La decisión del gobierno escolar de la provincia de analizar la posibilidad de contratar agentes de seguridad privada para custodiar escuelas y así evitar robos y vandalismo es un síntoma de que vamos muy mal socialmente. La iniciativa, que ha generado dudas en los legisladores y por eso han citado a la titular de la Dirección de Escuelas, Emma Cunietti, nos demuestra que el vacío de valores solidarios que dejó la década pasada llega a niveles insospechados.

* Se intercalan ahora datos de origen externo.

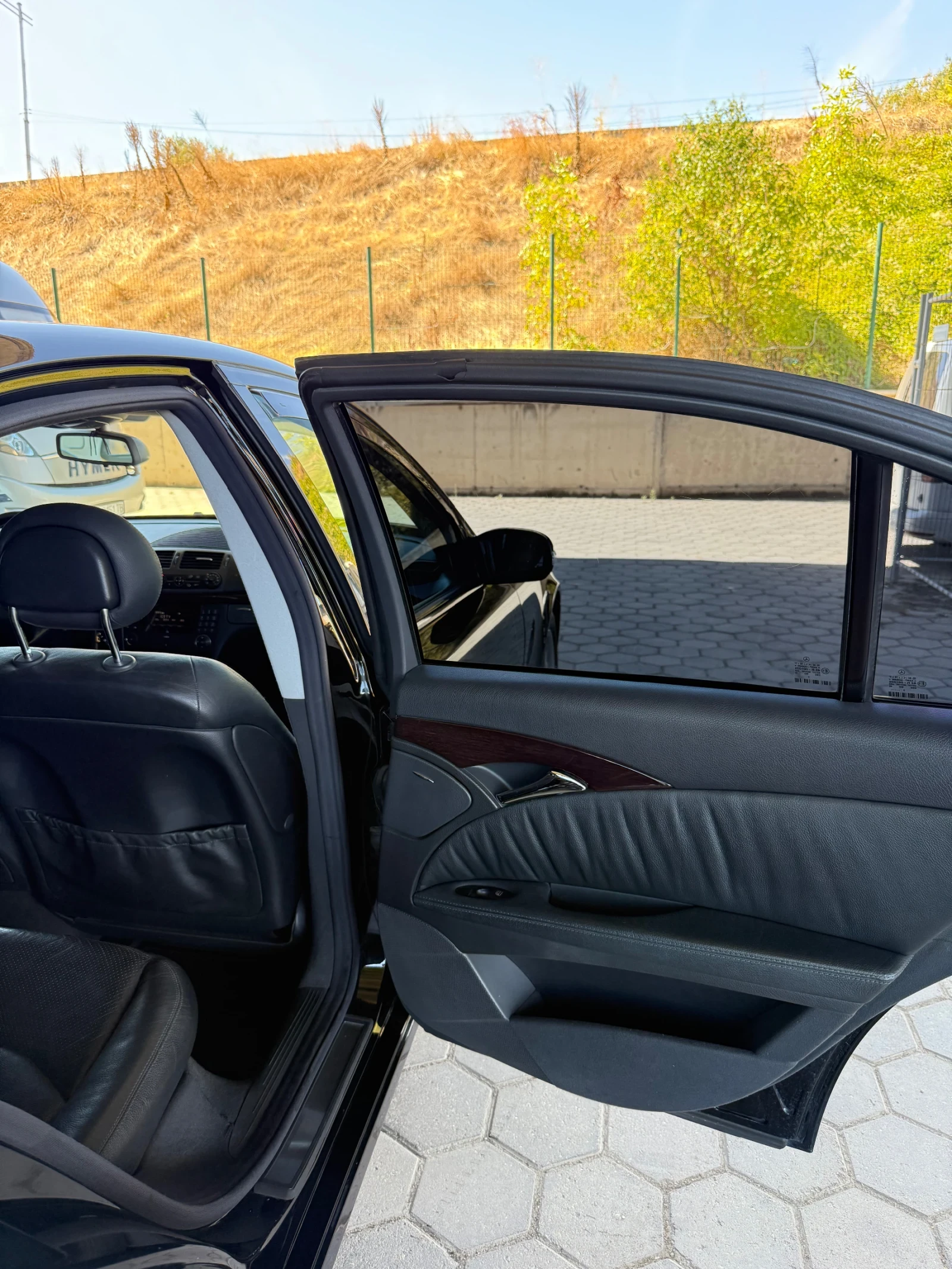 Mercedes-Benz E 240  - изображение 10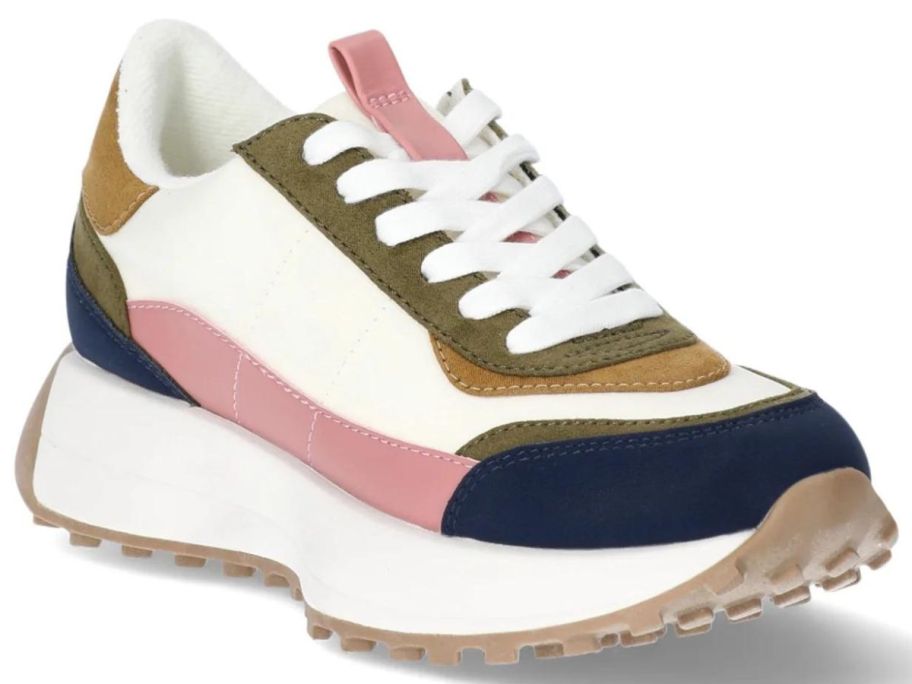 No Boundaries Women's Retro-Inspired Sneakers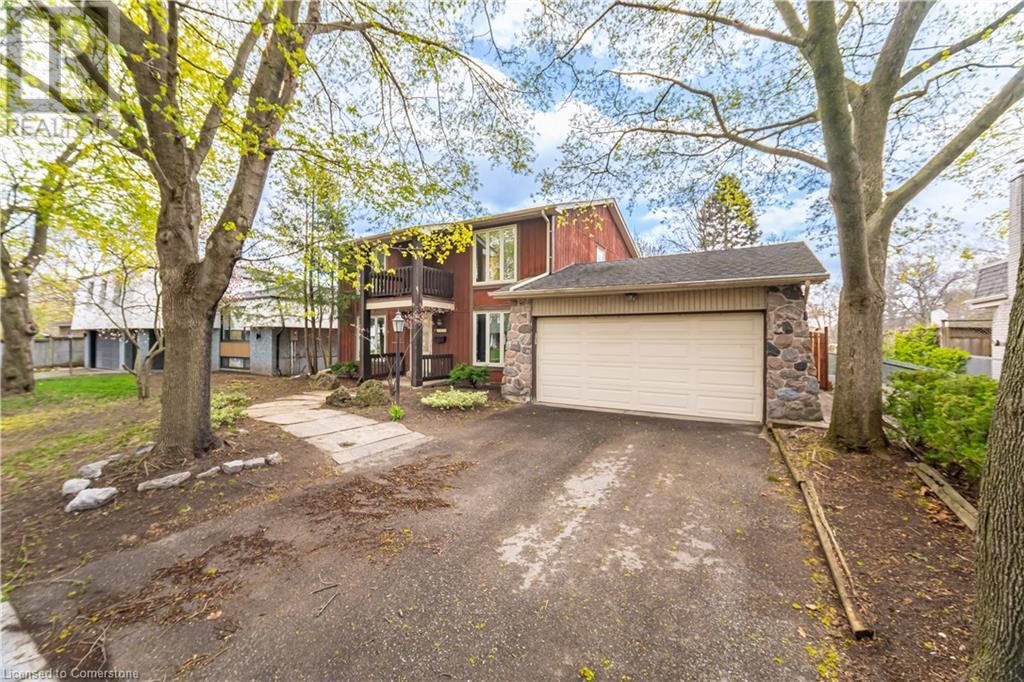 Photo 4 of 204 Arichat Road, Oakville ON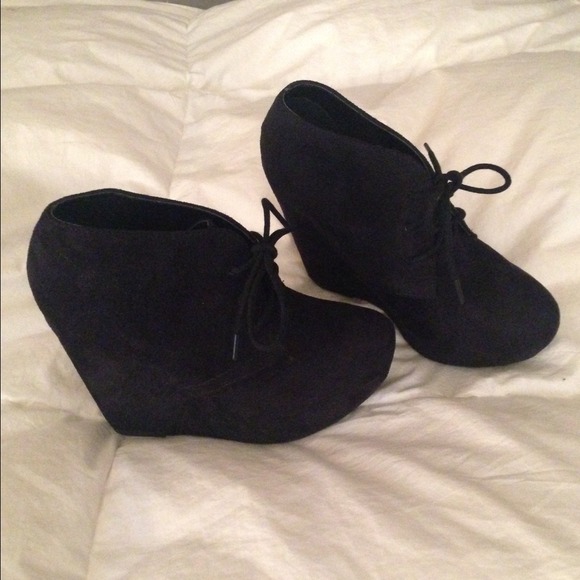 BRAND NEW Black suede oxford wedges, lace up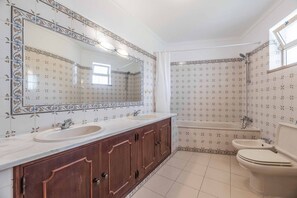 Shower, bidet, towels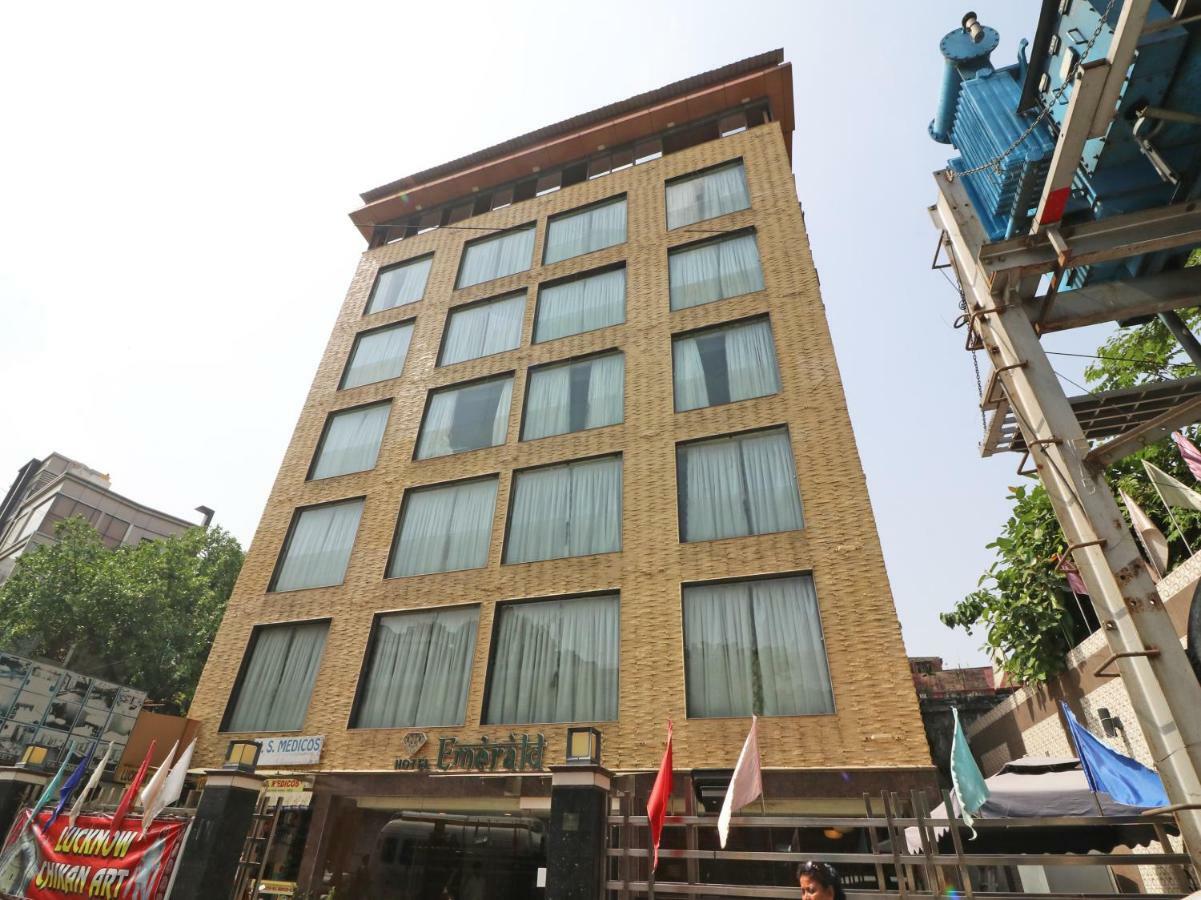 Hotel Emerald Calcutta Exteriör bild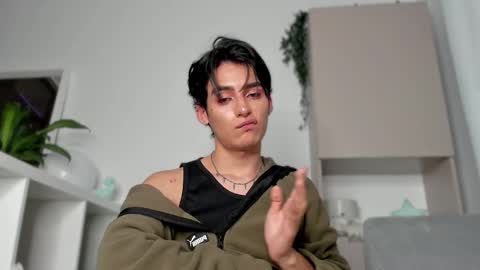 Snapshot of sebas_rosse chatting on February 15, 2025, 12:59 am sebastian online show from February 15, 2025, 12:59 am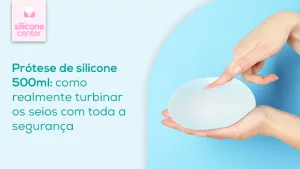 Prótese de silicone 500ml: como realmente turbinar os seios com toda a segurança Imagem de uma mão segurando uma prótese de silicone, enquanto a outra aponta para a prótese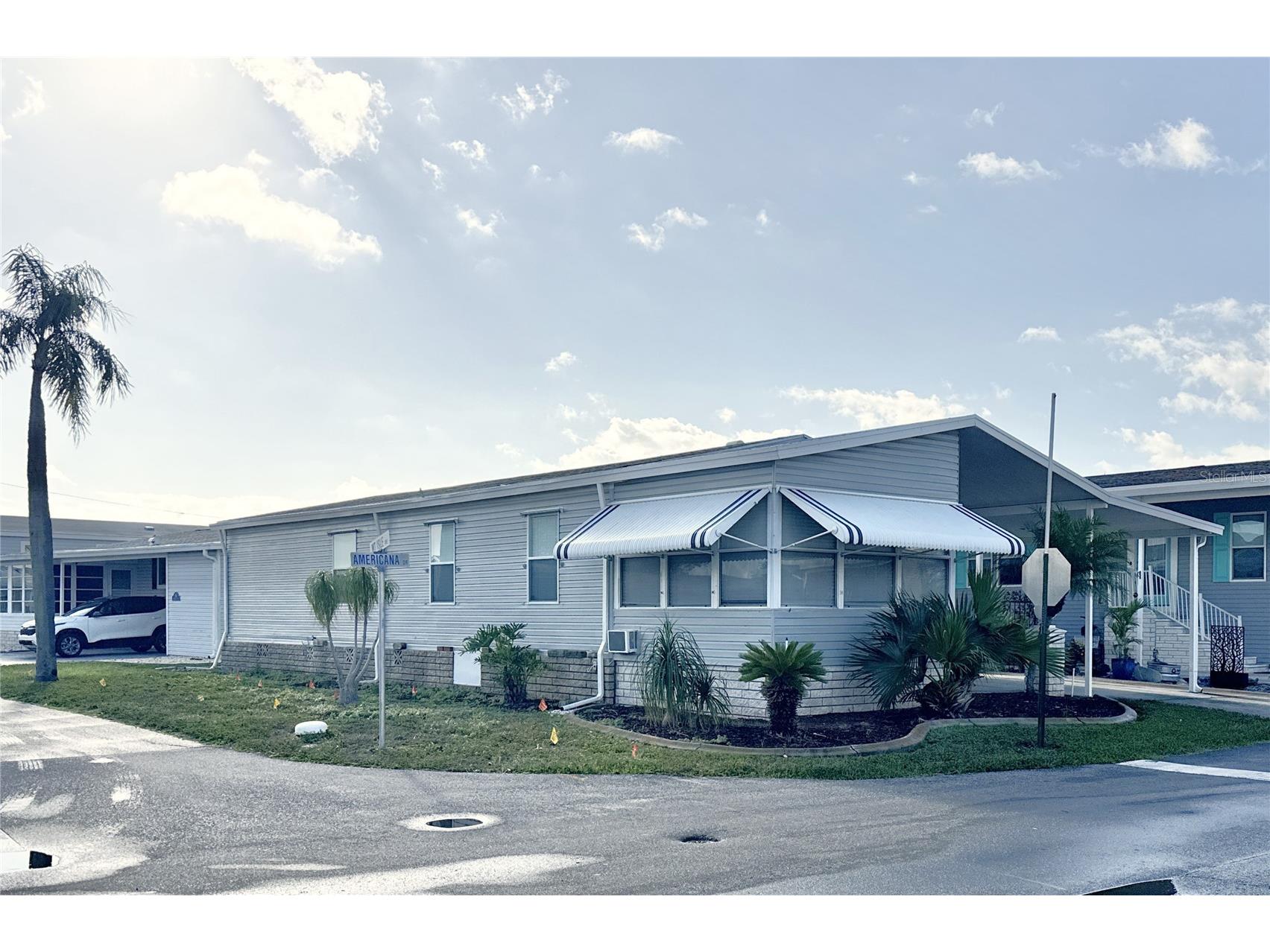 6907 Americana Drive NE #101 Saint Petersburg FL 33702 - TAMPA BAY TB8486983 image2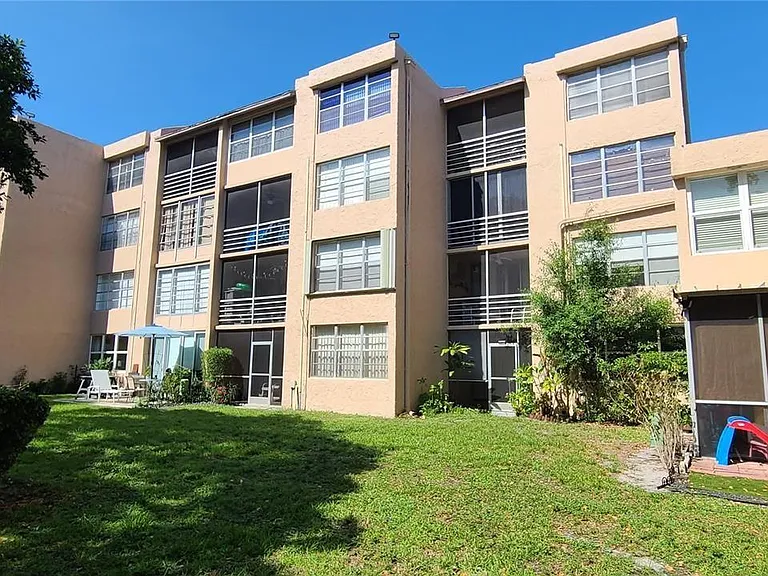 9410 Live Oak Pl #109 — Photo 1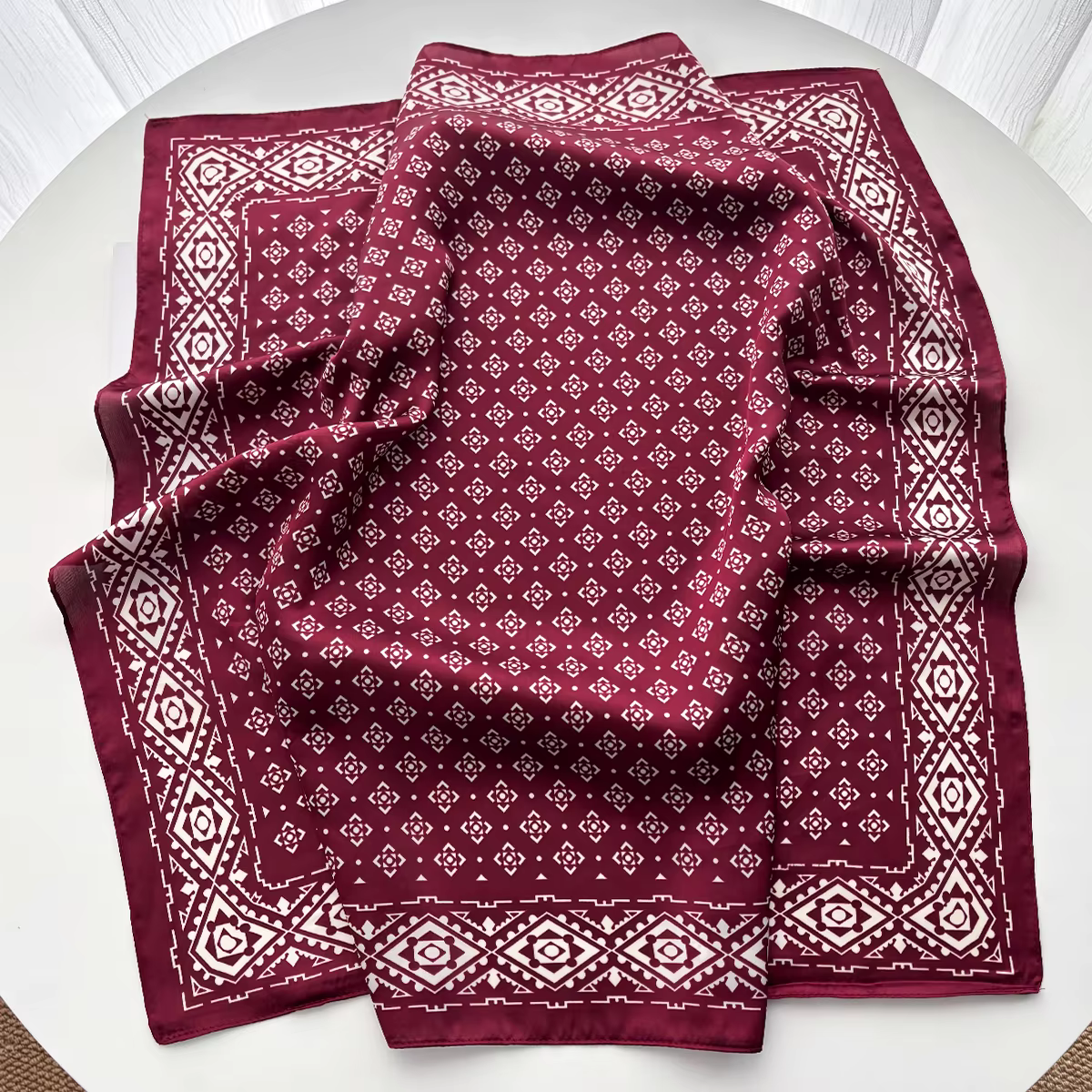 Foulards carrés en soie imitation pour femme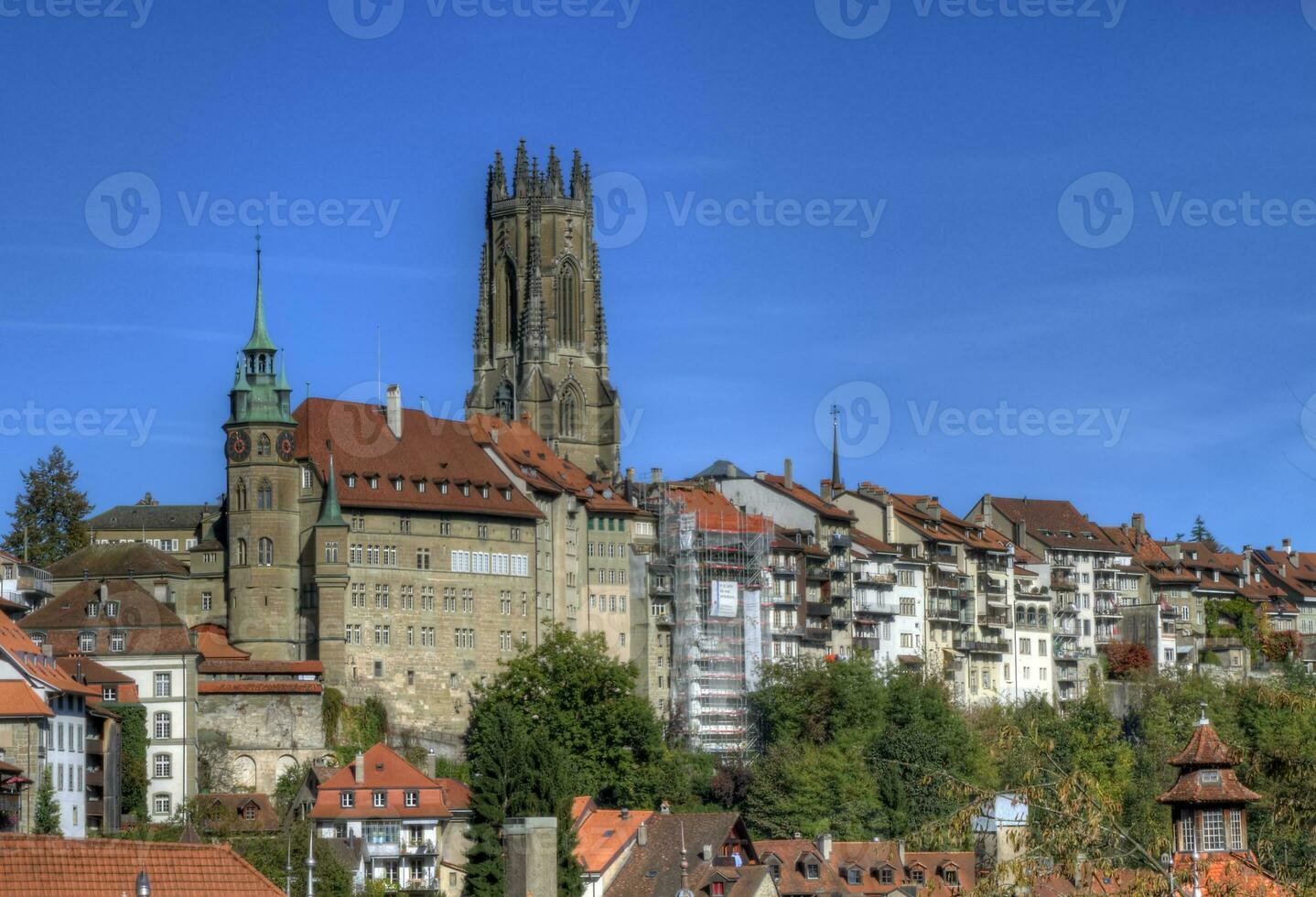 catedral de S t. nicholas en friburgo, Suiza foto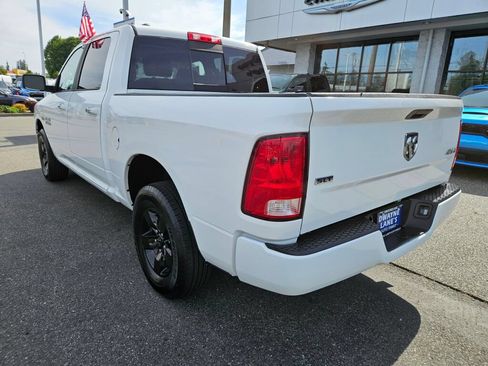Used 2018 RAM 1500 Classic SLT AWD/4WD image 3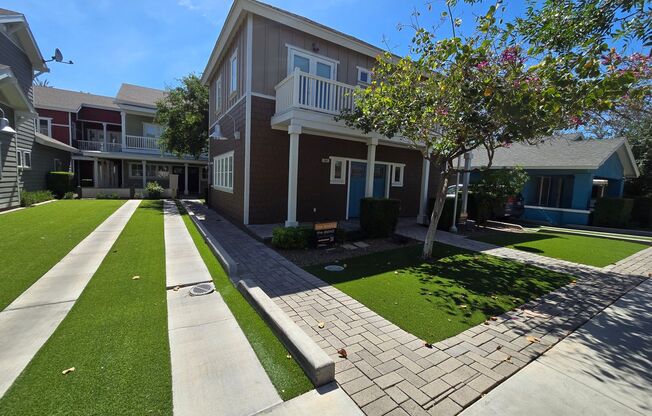 959 South Ash Avenue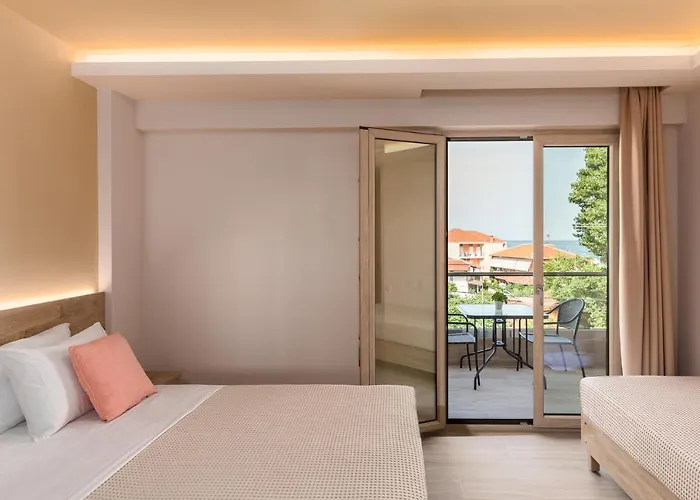 Makris Luxury לפטוקריה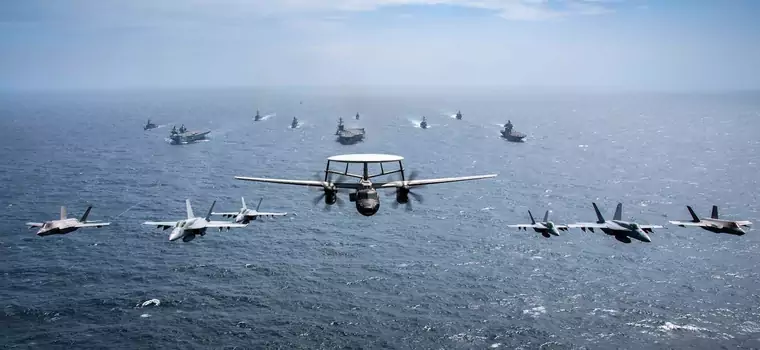 US Navy podsumowuje 2021 r. Militarna potęga na fenomenalnych zdjęciach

    El trabajo y la educación son los pilares de cualquier país que quiera progresar y convertirse en un lugar digno para vivir. En el caso de los que roban o destruyen escuelas, se trata nada menos que de jóvenes que han sido expulsados del sistema educativo y laboral por las políticas de exclusión implementadas en los últimos 30 años en Argentina. Estas son las consecuencias: jóvenes que no trabajan y se transforman en vándalos, a quienes tampoco les interesa estar dentro del sistema educativo, enmarcados en esa pérdida de valores trágica de los últimos años.

    El destruir una escuela nos demuestra el desprecio total a la posibilidad de salir adelante con esfuerzo personal, estudio y disciplina. Justamente, el ejemplo de individualismo y del “sálvese quién pueda” de los 90 y del pensamiento neoliberal fomentó jóvenes resentidos y muy violentos. El pasaje a un modelo de país diferente, sostenido en la solidaridad, el esfuerzo y el trabajo, es la única manera como los argentinos podamos sentirnos contenidos por un país que dé oportunidades a todos.